Traditionally, Associated Equipment Distributors (AED) and the broader equipment industry wouldn’t focus much attention on the National Defense Authorization Act (NDAA). The NDAA sets military and defense priorities and policies, authorizes funding levels, and is one of the few bills that Congress passes year-after-year. Since 1961, Congress has passed an NDAA every year.

AED’s awareness was heightened last year, when Sen. Elizabeth Warren (D-Mass.) and others attempted to include “right to repair” mandates under the guise of military preparedness. While unsuccessful, due in part to the efforts of AED, in the current Congress, right to repair amendments have been attached to both the House and Senate versions of NDAA. AED remains opposed to the current language in both NDAA’s and we encourage equipment dealers to join our efforts.

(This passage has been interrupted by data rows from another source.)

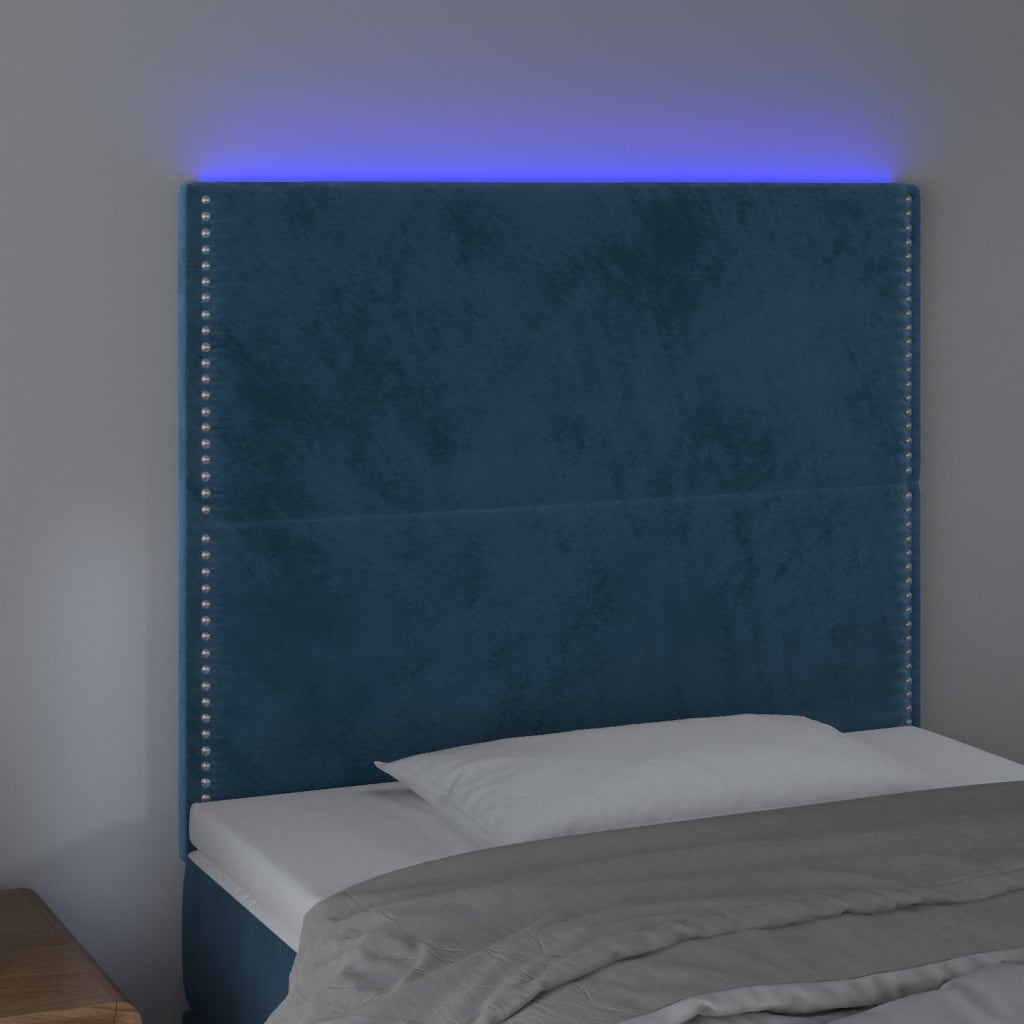 Tête de lit à LED Bleu foncé 90x5x118/128 cm Velours - XIOS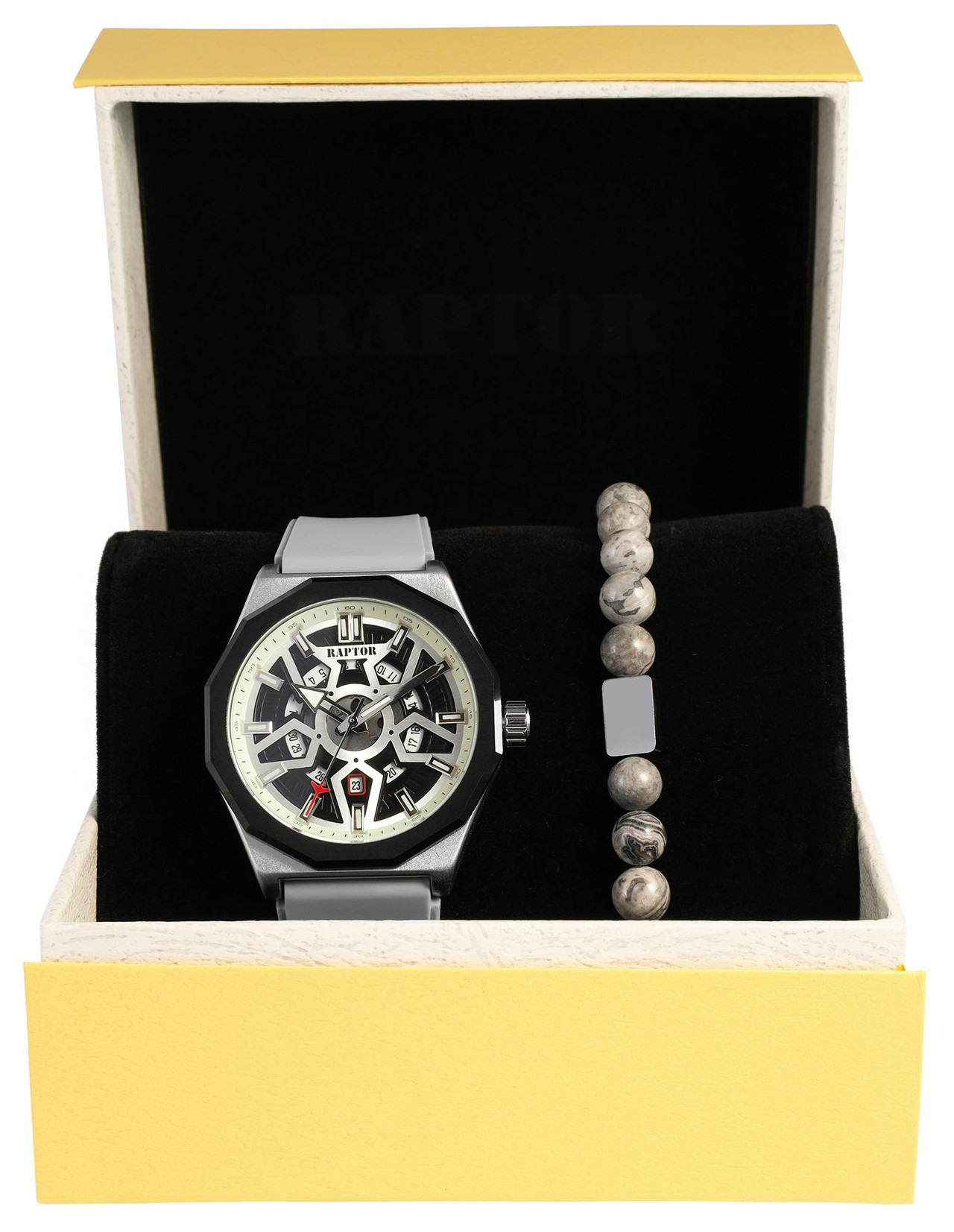 Conjunto reloj y pulsera silicona y piedras naturales 44 mm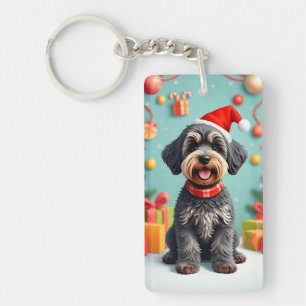 Adorable Dog in Santa Hat Key Ring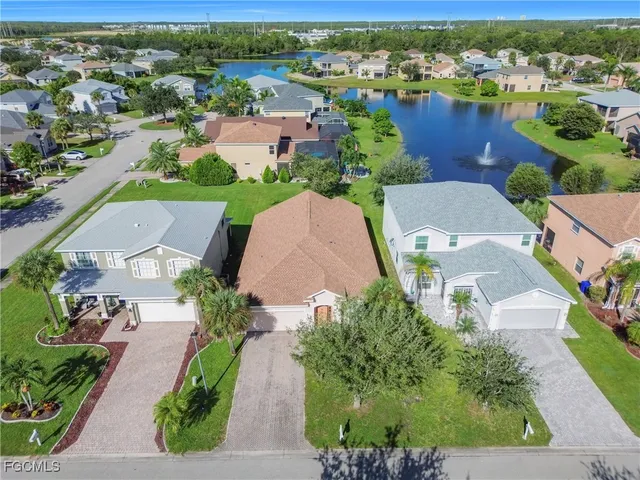 an aerial view of a house with a garden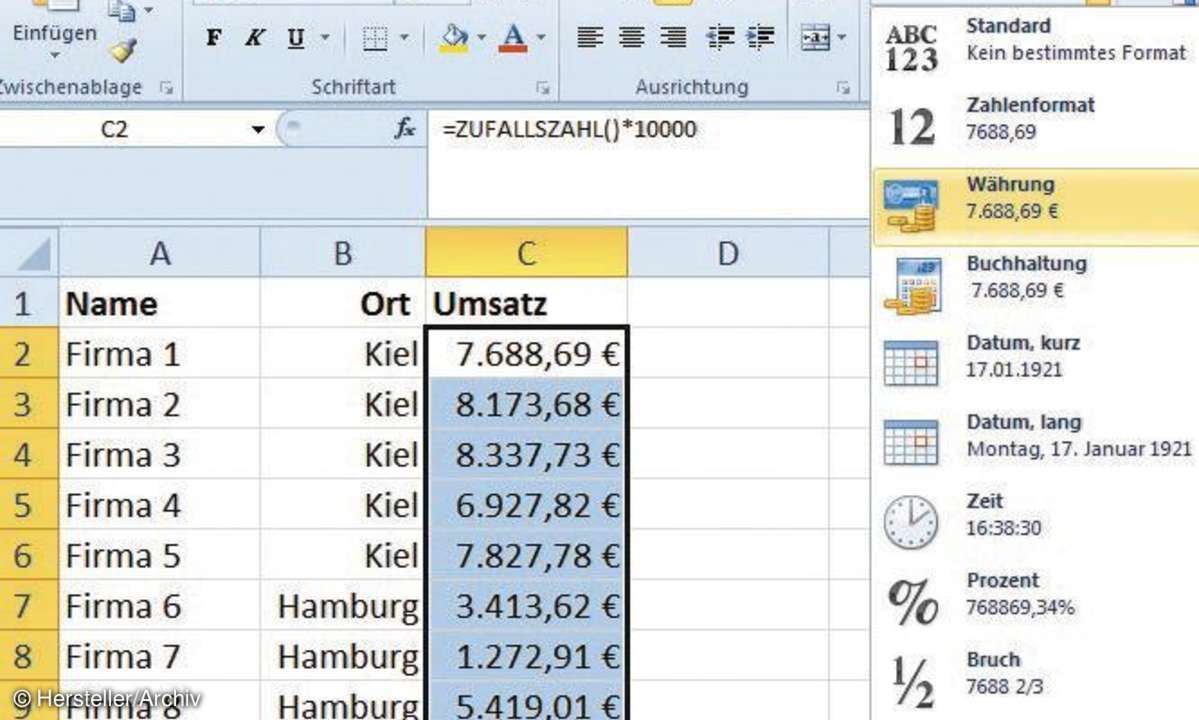 software, tabelle, pivot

Earlier this month, the House Armed Services Committee adopted an amendment by Rep. Maggie Goodlander (D-N.H.) prohibiting the Department of Defense from entering into major weapon systems contracts unless, “the contractor agrees in writing to provide fair and reasonable access to all the repair materials, including parts, tools, and information, used by the manufacturer or provider or their authorized repair providers to diagnose, analyze, maintain, or repair the good or service.” The “fair and reasonable” language will be familiar to anyone encountering right to repair legislation at the state level. In fact, the amendment’s definition of “fair and reasonable access” imitates the awful language attempting to impose right to repair mandates on agriculture equipment and other machinery.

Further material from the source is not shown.